[Opening Stored data section]

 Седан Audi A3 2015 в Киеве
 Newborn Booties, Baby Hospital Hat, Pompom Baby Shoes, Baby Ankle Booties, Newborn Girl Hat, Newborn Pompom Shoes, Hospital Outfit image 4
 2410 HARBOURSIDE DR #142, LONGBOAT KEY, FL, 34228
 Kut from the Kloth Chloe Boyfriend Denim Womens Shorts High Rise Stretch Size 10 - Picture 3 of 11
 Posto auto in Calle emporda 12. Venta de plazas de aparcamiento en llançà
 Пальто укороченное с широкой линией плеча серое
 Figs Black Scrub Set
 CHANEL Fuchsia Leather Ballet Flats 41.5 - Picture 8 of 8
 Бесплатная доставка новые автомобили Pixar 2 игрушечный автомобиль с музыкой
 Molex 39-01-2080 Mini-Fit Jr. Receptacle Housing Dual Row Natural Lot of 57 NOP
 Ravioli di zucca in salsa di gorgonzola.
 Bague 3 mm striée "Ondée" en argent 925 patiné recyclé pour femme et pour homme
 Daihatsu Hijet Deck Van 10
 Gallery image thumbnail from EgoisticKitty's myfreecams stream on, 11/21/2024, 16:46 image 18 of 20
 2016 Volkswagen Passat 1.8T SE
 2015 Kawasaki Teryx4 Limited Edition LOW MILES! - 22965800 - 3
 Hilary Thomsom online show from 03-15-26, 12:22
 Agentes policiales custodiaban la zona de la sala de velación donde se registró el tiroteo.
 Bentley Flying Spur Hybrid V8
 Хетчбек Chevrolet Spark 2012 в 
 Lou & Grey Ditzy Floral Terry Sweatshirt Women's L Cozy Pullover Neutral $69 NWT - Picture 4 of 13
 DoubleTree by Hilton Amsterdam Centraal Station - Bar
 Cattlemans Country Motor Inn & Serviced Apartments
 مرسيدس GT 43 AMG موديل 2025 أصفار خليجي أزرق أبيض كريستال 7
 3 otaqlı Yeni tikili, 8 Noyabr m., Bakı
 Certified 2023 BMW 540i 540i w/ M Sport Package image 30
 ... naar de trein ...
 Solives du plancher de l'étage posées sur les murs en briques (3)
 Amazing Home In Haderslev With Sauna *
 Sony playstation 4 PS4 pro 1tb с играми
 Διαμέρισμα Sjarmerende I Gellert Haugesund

[Closing Stored data section]

Each record is to be given again in full, exactly as it reads.

 Седан Audi A3 2015 в Киеве
 Newborn Booties, Baby Hospital Hat, Pompom Baby Shoes, Baby Ankle Booties, Newborn Girl Hat, Newborn Pompom Shoes, Hospital Outfit image 4
 2410 HARBOURSIDE DR #142, LONGBOAT KEY, FL, 34228
 Kut from the Kloth Chloe Boyfriend Denim Womens Shorts High Rise Stretch Size 10 - Picture 3 of 11
 Posto auto in Calle emporda 12. Venta de plazas de aparcamiento en llançà
 Пальто укороченное с широкой линией плеча серое
 Figs Black Scrub Set
 CHANEL Fuchsia Leather Ballet Flats 41.5 - Picture 8 of 8
 Бесплатная доставка новые автомобили Pixar 2 игрушечный автомобиль с музыкой
 Molex 39-01-2080 Mini-Fit Jr. Receptacle Housing Dual Row Natural Lot of 57 NOP
 Ravioli di zucca in salsa di gorgonzola.
 Bague 3 mm striée "Ondée" en argent 925 patiné recyclé pour femme et pour homme
 Daihatsu Hijet Deck Van 10
 Gallery image thumbnail from EgoisticKitty's myfreecams stream on, 11/21/2024, 16:46 image 18 of 20
 2016 Volkswagen Passat 1.8T SE
 2015 Kawasaki Teryx4 Limited Edition LOW MILES! - 22965800 - 3
 Hilary Thomsom online show from 03-15-26, 12:22
 Agentes policiales custodiaban la zona de la sala de velación donde se registró el tiroteo.
 Bentley Flying Spur Hybrid V8
 Хетчбек Chevrolet Spark 2012 в 
 Lou & Grey Ditzy Floral Terry Sweatshirt Women's L Cozy Pullover Neutral $69 NWT - Picture 4 of 13
 DoubleTree by Hilton Amsterdam Centraal Station - Bar
 Cattlemans Country Motor Inn & Serviced Apartments
 مرسيدس GT 43 AMG موديل 2025 أصفار خليجي أزرق أبيض كريستال 7
 3 otaqlı Yeni tikili, 8 Noyabr m., Bakı
 Certified 2023 BMW 540i 540i w/ M Sport Package image 30
 ... naar de trein ...
 Solives du plancher de l'étage posées sur les murs en briques (3)
 Amazing Home In Haderslev With Sauna *
 Sony playstation 4 PS4 pro 1tb с играми
 Διαμέρισμα Sjarmerende I Gellert Haugesund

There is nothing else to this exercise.